For this listing, the lines between the one holding "Photo of a 2019" and the one holding "19438 Dodge Street NW, Elk River, MN 55330", inclusive, must be set down exactly.

INPUT DATA:
---*---

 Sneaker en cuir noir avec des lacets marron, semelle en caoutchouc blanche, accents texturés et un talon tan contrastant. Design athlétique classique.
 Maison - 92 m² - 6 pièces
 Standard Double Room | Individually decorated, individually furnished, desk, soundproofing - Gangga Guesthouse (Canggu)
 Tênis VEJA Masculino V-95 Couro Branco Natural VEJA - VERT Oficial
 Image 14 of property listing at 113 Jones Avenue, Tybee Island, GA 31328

---*---

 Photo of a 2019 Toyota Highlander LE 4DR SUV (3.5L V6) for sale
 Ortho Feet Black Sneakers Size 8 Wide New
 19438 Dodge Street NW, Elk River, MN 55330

---*---

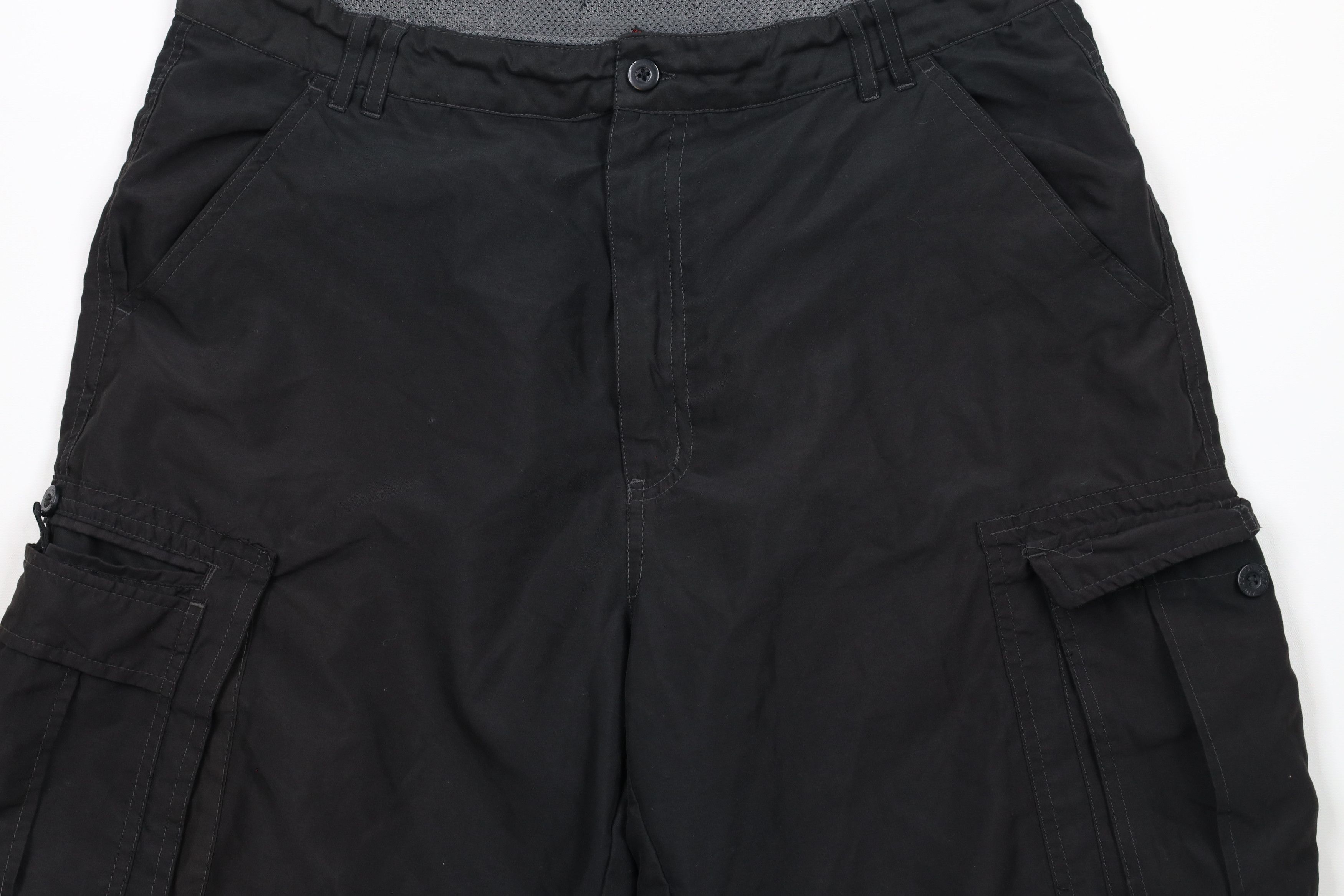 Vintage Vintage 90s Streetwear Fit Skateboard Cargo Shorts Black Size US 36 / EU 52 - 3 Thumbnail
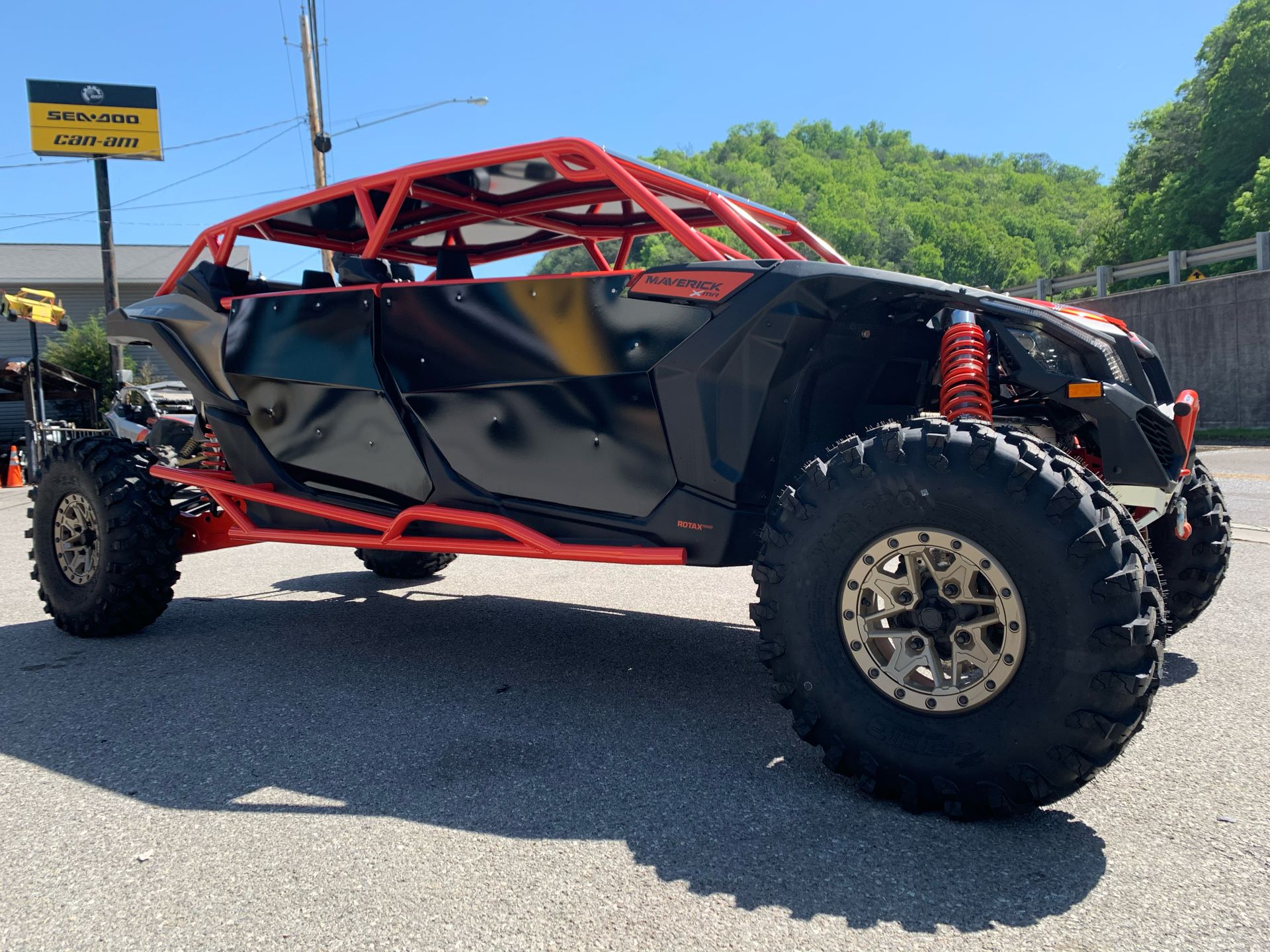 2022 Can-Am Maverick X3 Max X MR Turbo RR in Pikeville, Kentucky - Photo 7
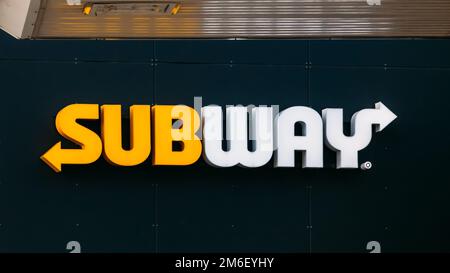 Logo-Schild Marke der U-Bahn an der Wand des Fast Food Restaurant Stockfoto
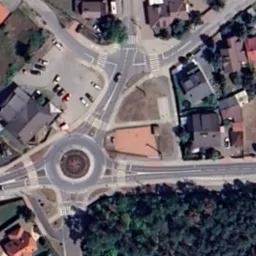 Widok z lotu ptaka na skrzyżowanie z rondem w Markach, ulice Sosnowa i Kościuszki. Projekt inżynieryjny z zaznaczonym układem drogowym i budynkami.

---*---

RESPONSE AREA:
 Photo of a 2019 Toyota Highlander LE 4DR SUV (3.5L V6) for sale
 Ortho Feet Black Sneakers Size 8 Wide New
 19438 Dodge Street NW, Elk River, MN 55330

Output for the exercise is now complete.